View Single Post
Old 12-28-2014, 03:34 AM   #1689
knc1
Going Viral
knc1 ought to be getting tired of karma fortunes by now.knc1 ought to be getting tired of karma fortunes by now.knc1 ought to be getting tired of karma fortunes by now.knc1 ought to be getting tired of karma fortunes by now.knc1 ought to be getting tired of karma fortunes by now.knc1 ought to be getting tired of karma fortunes by now.knc1 ought to be getting tired of karma fortunes by now.knc1 ought to be getting tired of karma fortunes by now.knc1 ought to be getting tired of karma fortunes by now.knc1 ought to be getting tired of karma fortunes by now.knc1 ought to be getting tired of karma fortunes by now.
 
knc1's Avatar
 
Posts: 17,212
Karma: 18210809
Join Date: Feb 2012
Location: Central Texas
Device: No K1, PW2, KV, KOA
Quote:
Originally Posted by Ruskie_it View Post
If I'm not wrong, though, you can't do that from Windows.
You have to do that either when you've ssh'ed into Kindle via USBNetwork or via Kterm, while the with "classic" method the average user could simply create it when connected in usb-storage mode.
So this 'improvement' by lab126 takes away the real added value of this method: simplicity.
If I am right, average users should find at that point more convenient to use the backdoorlock hack.
Of course your suggestion still makes sense for academic purposes, and just-in-case lab126 renders the bdl hack useless too.
We have things now that run as 'root' on 5.6.1 (everything ran as 'root' prior to 5.6.1) -
I am pretty sure that MrPi runs as 'root' now -
and of course the JB+MKK recovery thingy.

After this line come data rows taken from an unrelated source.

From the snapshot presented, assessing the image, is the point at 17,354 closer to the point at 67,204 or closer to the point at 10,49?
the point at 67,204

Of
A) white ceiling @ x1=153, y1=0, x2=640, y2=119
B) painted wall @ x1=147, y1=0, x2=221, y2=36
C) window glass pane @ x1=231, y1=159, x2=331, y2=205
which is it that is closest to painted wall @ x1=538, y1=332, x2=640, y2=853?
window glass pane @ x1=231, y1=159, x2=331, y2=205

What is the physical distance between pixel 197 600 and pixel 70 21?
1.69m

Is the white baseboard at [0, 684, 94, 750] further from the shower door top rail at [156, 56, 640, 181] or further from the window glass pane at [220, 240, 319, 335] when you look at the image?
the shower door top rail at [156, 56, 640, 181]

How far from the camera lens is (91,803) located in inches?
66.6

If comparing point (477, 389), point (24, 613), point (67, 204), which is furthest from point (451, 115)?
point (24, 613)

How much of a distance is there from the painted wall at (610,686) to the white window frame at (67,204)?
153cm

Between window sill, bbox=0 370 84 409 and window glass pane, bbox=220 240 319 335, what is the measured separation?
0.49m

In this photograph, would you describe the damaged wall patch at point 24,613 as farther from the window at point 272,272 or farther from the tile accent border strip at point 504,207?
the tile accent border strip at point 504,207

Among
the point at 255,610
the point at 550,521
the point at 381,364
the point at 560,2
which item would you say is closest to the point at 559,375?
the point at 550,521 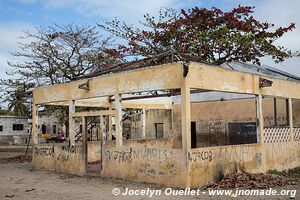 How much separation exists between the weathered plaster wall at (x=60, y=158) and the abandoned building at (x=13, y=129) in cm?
2396

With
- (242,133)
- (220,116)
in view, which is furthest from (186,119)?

So scripting the commands required (which do need to be run as 'root') to create a mount point blocker by Windows users should be possible.

- - - - -

PS: The above has already been discussed during the recent 5.6.x related updates to the JB+MKK package.
So I can't take full credit for this suggestion.

PPS: The decision was: "Later, if really required".

Last edited by knc1; 12-28-2014 at 03:41 AM.